Nothing but the lines from the one with "Check out the" through the final line of the entries should appear in the answer, copied exactly and without pictures.

## Data for the task
════════════════════
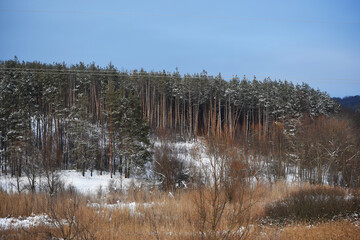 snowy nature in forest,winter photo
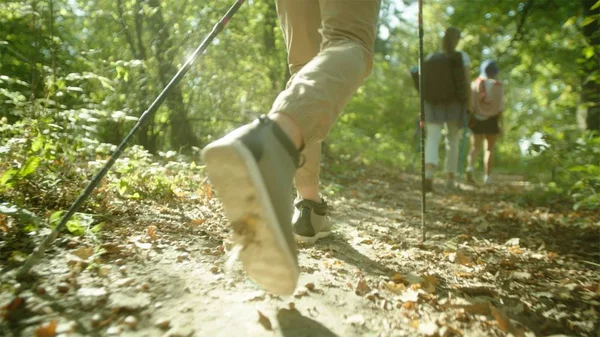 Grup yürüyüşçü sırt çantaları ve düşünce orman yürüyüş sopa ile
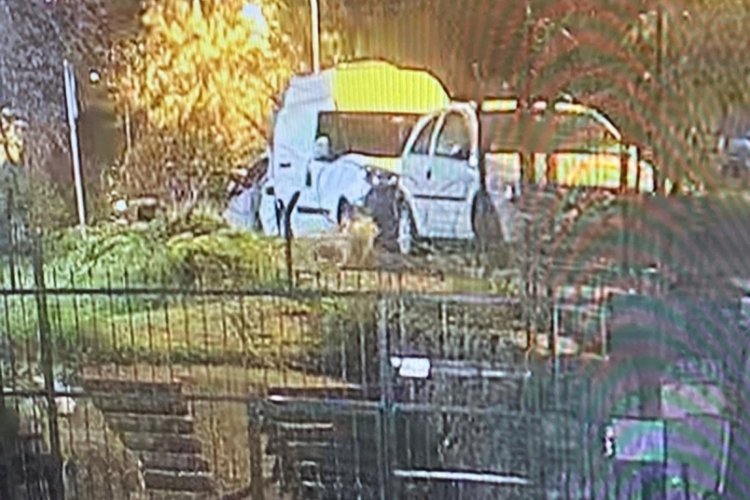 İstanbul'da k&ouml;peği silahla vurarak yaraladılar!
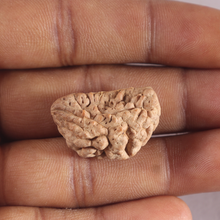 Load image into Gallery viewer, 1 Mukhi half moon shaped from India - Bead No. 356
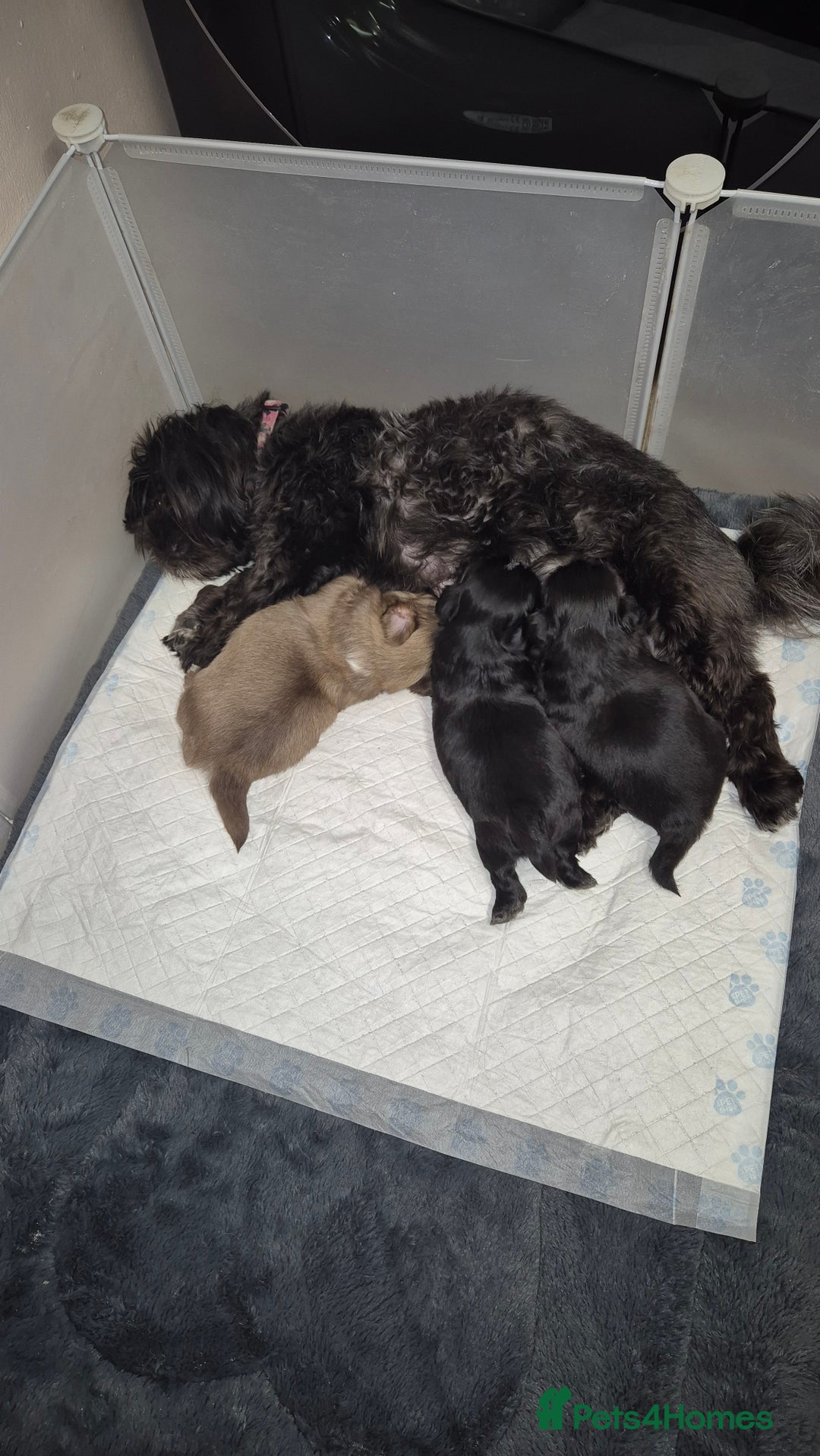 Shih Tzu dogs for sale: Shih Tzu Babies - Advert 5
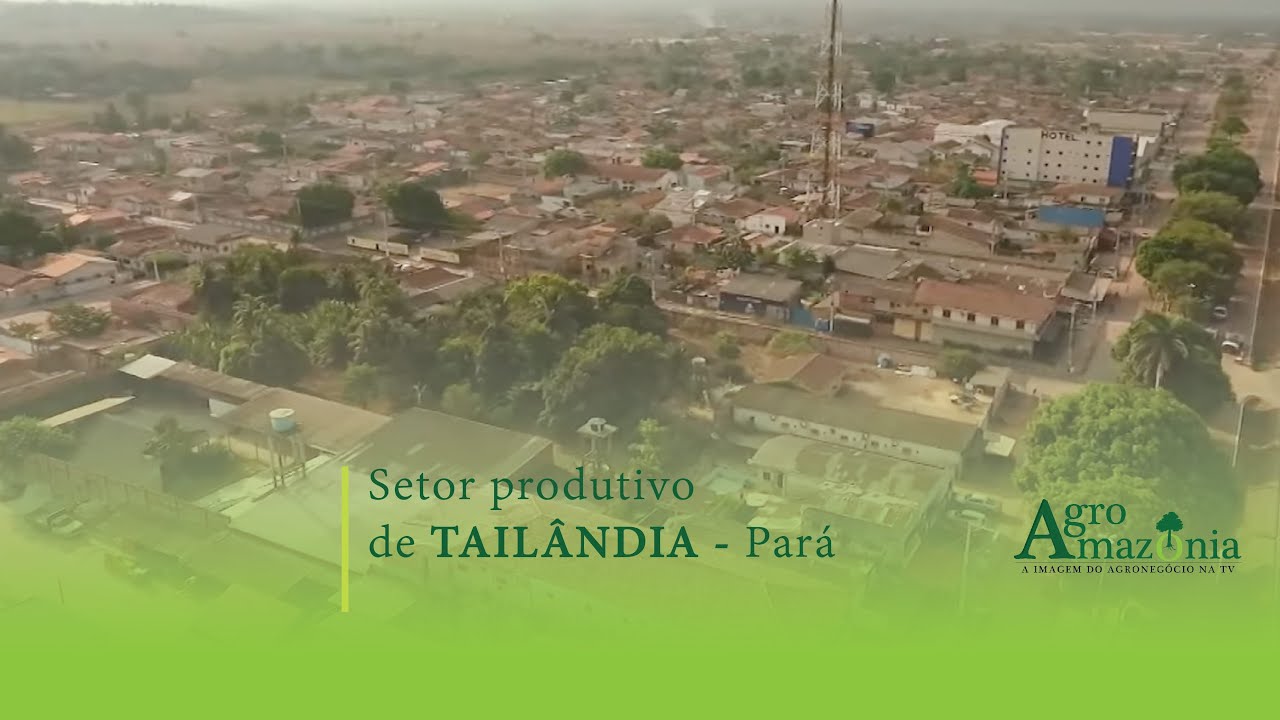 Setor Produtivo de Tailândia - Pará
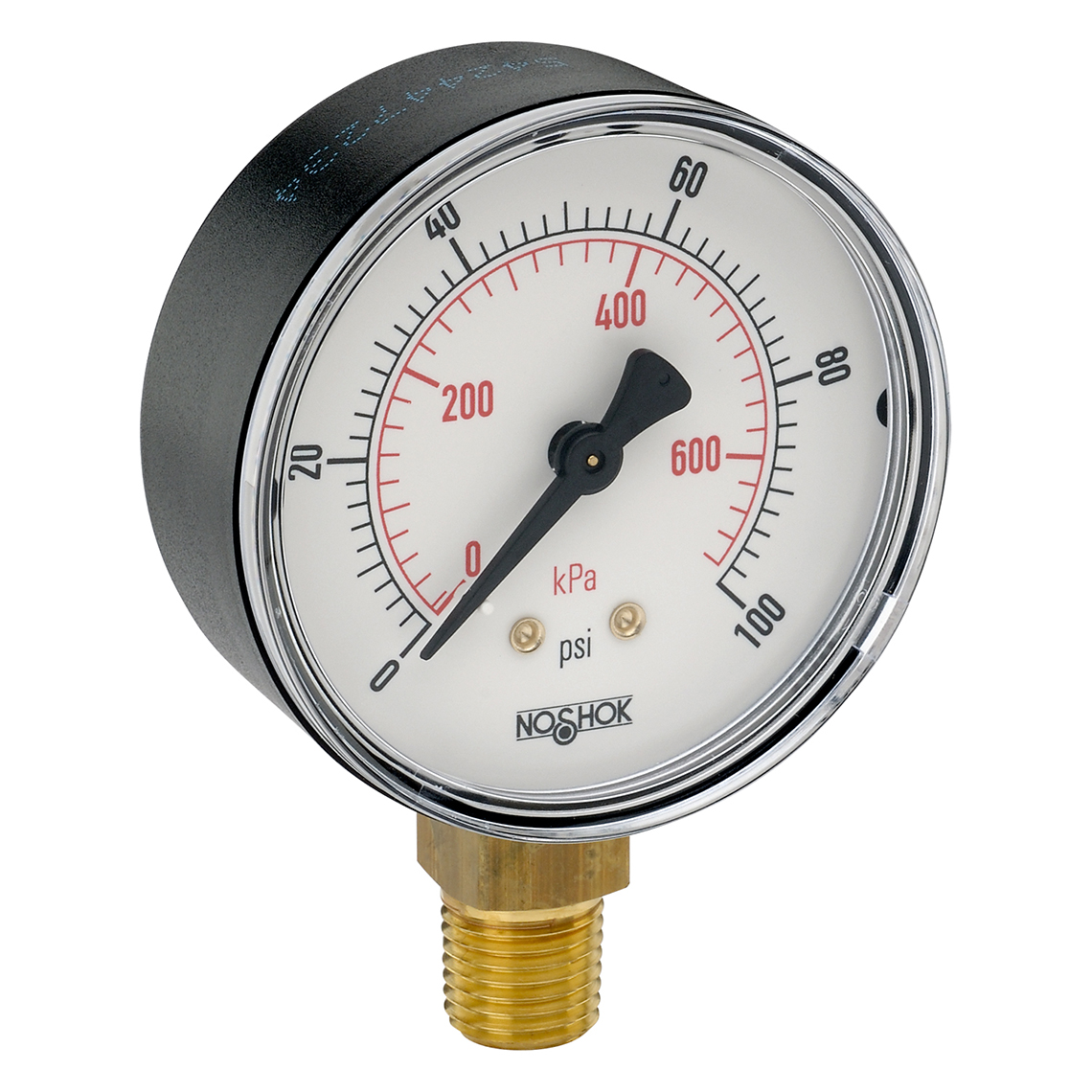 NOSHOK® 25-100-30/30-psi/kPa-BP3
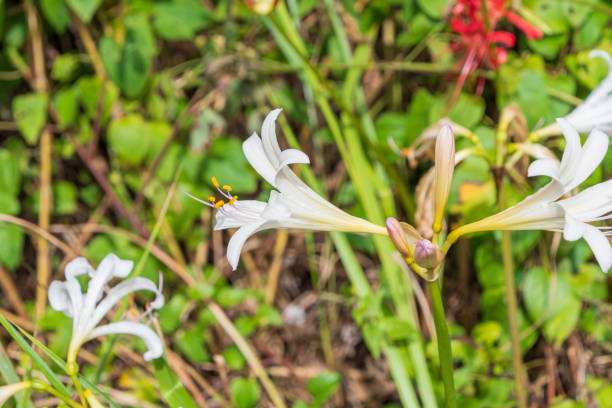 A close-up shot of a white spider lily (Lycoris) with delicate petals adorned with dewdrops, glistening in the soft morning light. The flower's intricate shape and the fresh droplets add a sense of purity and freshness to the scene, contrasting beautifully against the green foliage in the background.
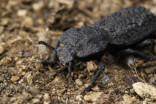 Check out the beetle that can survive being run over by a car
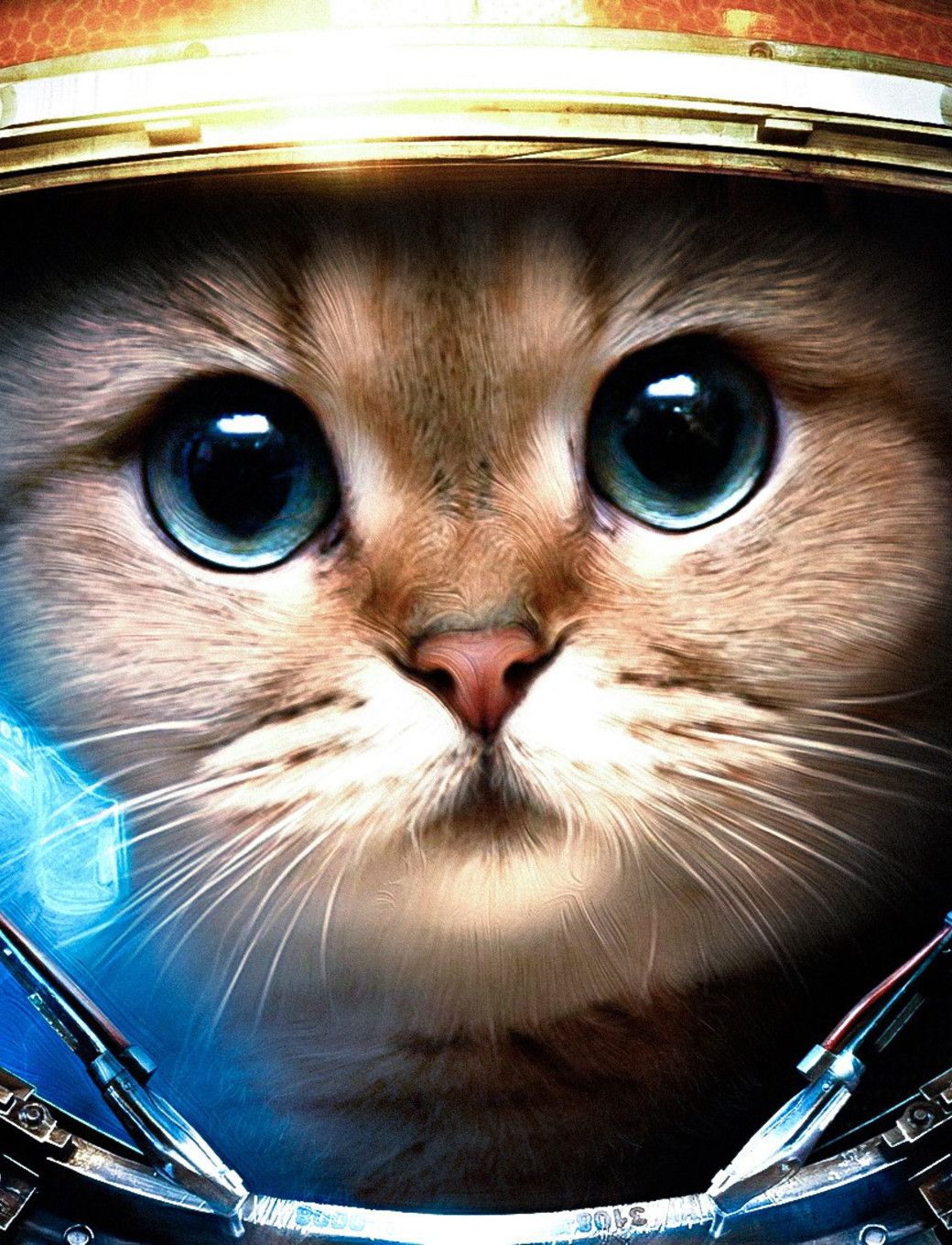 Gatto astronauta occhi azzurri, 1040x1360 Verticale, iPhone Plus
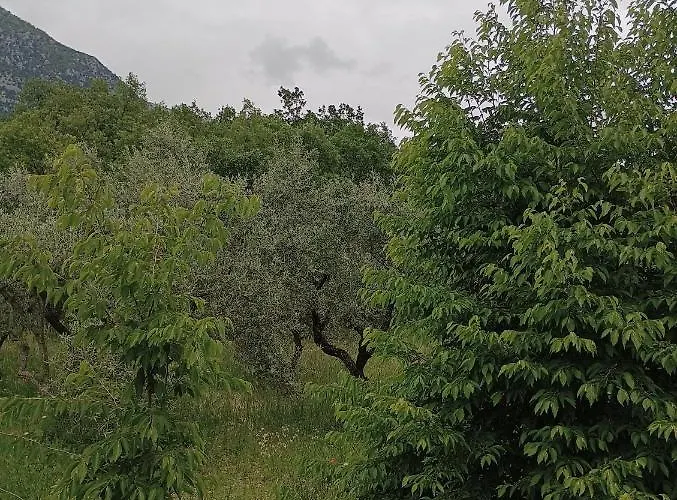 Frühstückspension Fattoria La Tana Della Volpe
════════════════════
## Output
 Check out the beetle that can survive being run over by a car
 Gatto astronauta occhi azzurri, 1040x1360 Verticale, iPhone Plus
 Frühstückspension Fattoria La Tana Della Volpe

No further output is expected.